Mike Fabian wrote:
Bottom Line - after being around bikes for well over thirty years, I just don't believe in alleged national "traits" amongst bicycle design. I remember learning in college that myths and stereotypes are most useful for influencing and controlling the simplistic and ignorant.
I really enjoyed Mike's posting, while disagreeing a bit with some of his conclusions. There is a risk in labeling something as "myth" or "stereotype" of throwing the baby out with the bathwater, i.e., there is usually some truth behind a persistent myth or stereotype. I think college students can be as easily influenced and controlled through myth and stereotype as anyone else. Perhaps even more so, since they have to take in so much so quickly "on authority" from professors who usually have their own agendas.

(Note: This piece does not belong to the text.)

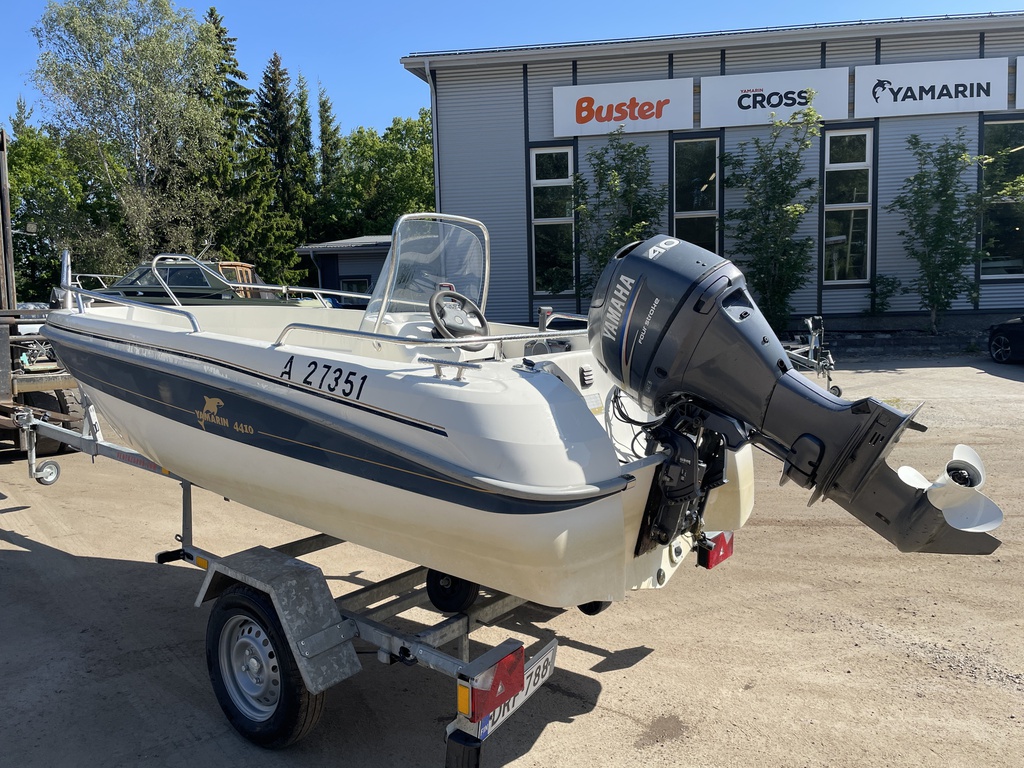 Yamarin 4410 + yamaha 40 hp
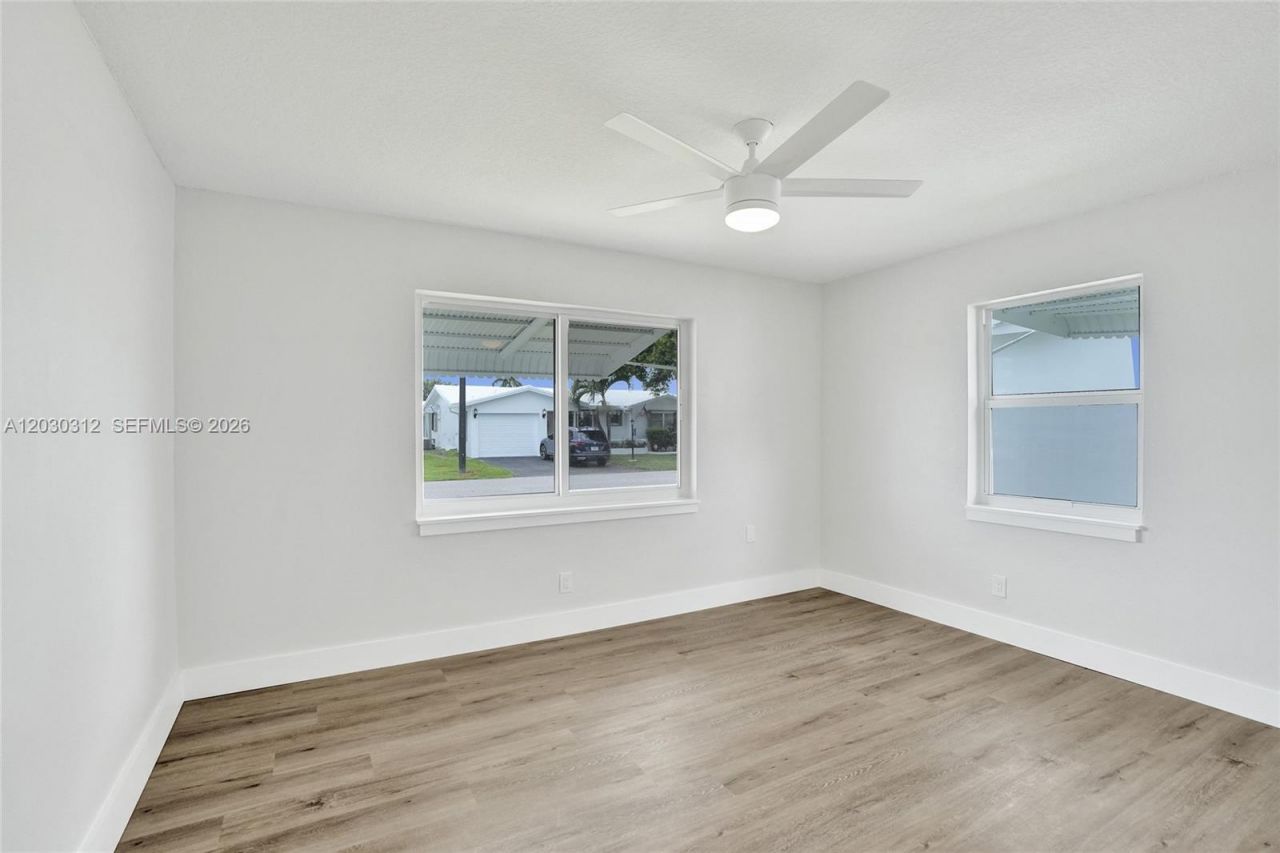 240 NW 25th Ct, Pompano Beach, FL 33064 Photo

I think that especially in the recent past, regional differences were an obvious reality in bicycle design. When I was a kid, we had big clunky heavy balloon tired American bikes, and later the "chopper" style, with high-rise handlebars and banana seats. Rarely one would see an "English Racer" with its skinny tires, straight tubing, hand brakes, and three-speed hub. The true European racing bike, the "Ten-speed", was even more exotic and unusual. Similarly in those days there were clear differences between American automobiles and imports, and further distinctions between British, Italian, French, and Japanese products. These distinctions may be blurred these days with greater communication and exchange of ideas, but they were quite real back then. Competition leads to imitation of the best, or at least the most popular, features. In the struggle for market share, everyone wants to be distinct from the competition, while at the same time not lacking any feature offered by the competition. Obviously, you can't have it both ways.
Much of this goes back to fashion, which is a weird concept, but real nevertheless. I mean, I don't understand how something can look so right in one decade and so stupid the next. Fashion is inherently regional. I find no difficulty at all in believing that designers and consumers in England, Italy, and France back in the classic era could each gravitate around their own ideas of what good bicycle design looked like and rode like, with the result being a definite style of bicycle peculiar to each culture. There are always exceptions, but it would take a lot to convince me that this persistent view is the result, not of real differences in style, but of some vast conspiracy aimed at influencing and controlling old guys on steel bikes.